Prompt:
No pictures should appear in the copy; otherwise retype the entries exactly.

[Short descriptive text snippets]
◇ ◇ ◇ ◇
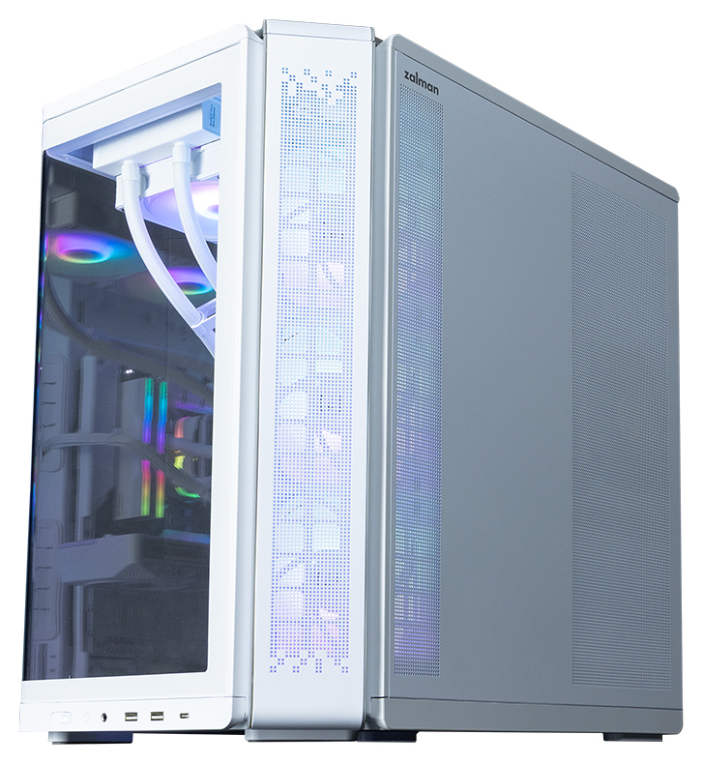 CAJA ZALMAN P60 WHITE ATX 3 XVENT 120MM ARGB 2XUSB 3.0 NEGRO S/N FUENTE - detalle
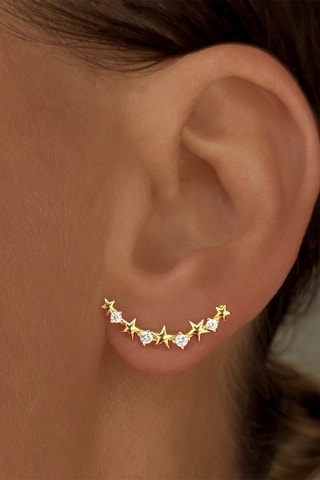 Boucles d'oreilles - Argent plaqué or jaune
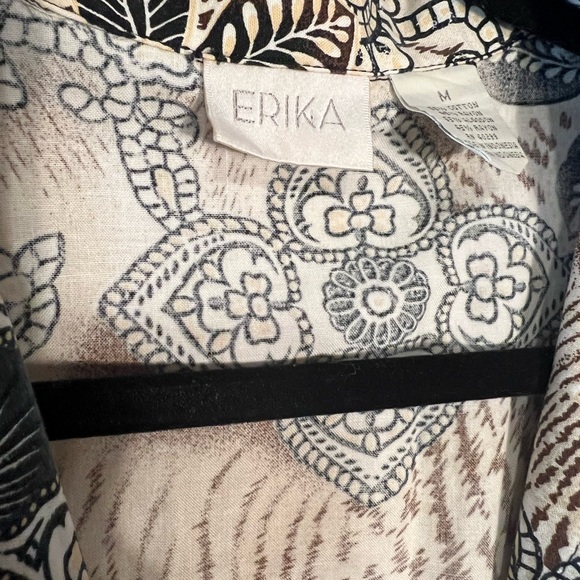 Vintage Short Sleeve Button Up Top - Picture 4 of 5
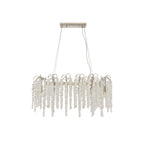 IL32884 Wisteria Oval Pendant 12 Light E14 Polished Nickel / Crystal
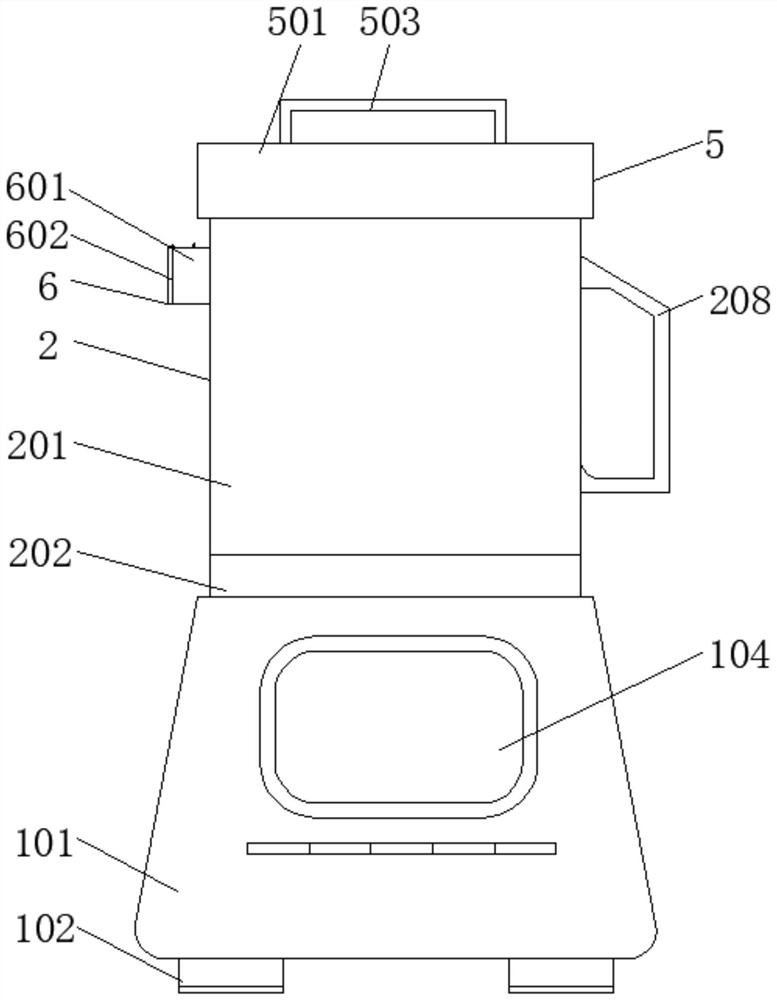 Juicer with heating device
◇ ◇ ◇ ◇
Task response:
 CAJA ZALMAN P60 WHITE ATX 3 XVENT 120MM ARGB 2XUSB 3.0 NEGRO S/N FUENTE - detalle
 Boucles d'oreilles - Argent plaqué or jaune
 Vintage Short Sleeve Button Up Top - Picture 4 of 5
 IL32884 Wisteria Oval Pendant 12 Light E14 Polished Nickel / Crystal
 Juicer with heating device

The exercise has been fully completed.